What you will do: Restate, exactly as written, the entries below from the line that holds "Solardach von David" through the line that holds "3D Space Asteroids 1 screenshot". Pictures are not part of the copy.

Records provided:
○ ○ ○ ○ ○
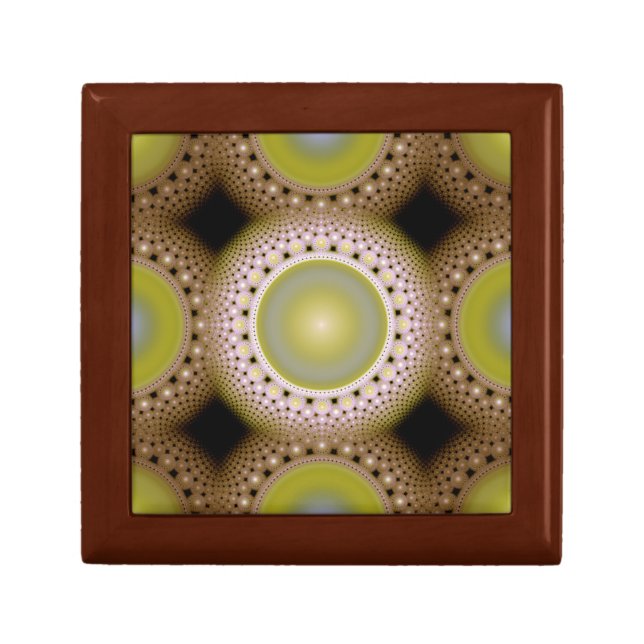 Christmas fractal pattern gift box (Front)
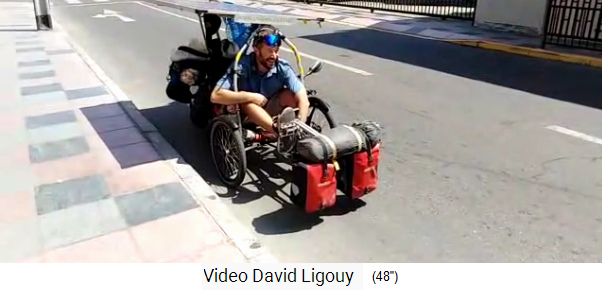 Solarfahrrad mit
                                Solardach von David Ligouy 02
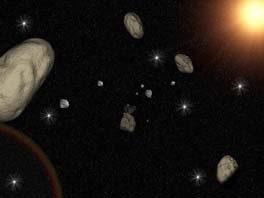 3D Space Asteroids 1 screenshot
○ ○ ○ ○ ○
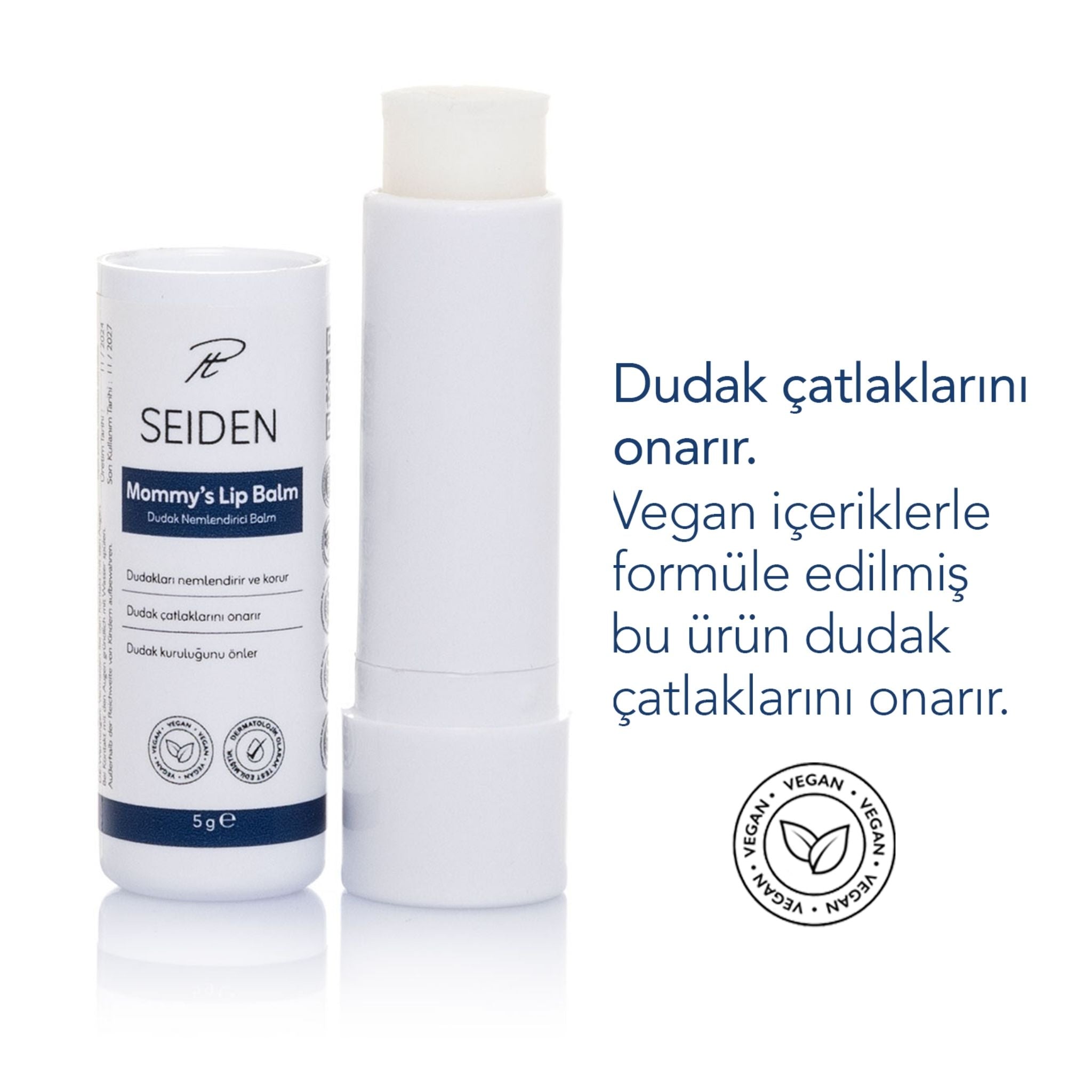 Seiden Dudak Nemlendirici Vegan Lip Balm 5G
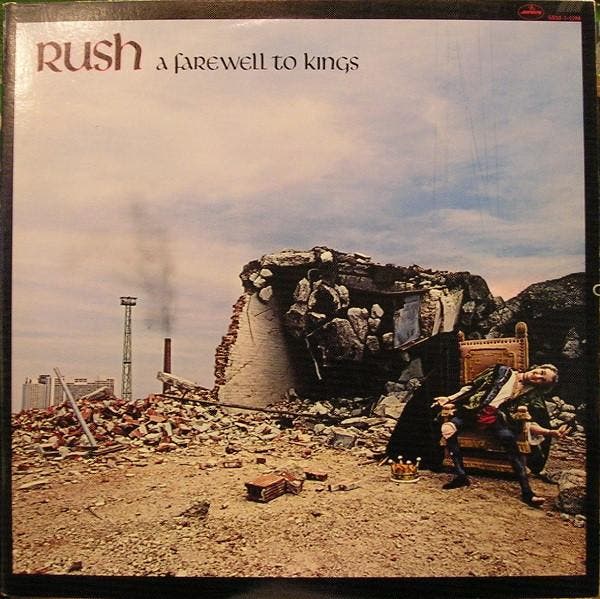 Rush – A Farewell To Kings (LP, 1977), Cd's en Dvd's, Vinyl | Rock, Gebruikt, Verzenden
○ ○ ○ ○ ○
Exercise solution:
                                Solardach von David Ligouy 02
 3D Space Asteroids 1 screenshot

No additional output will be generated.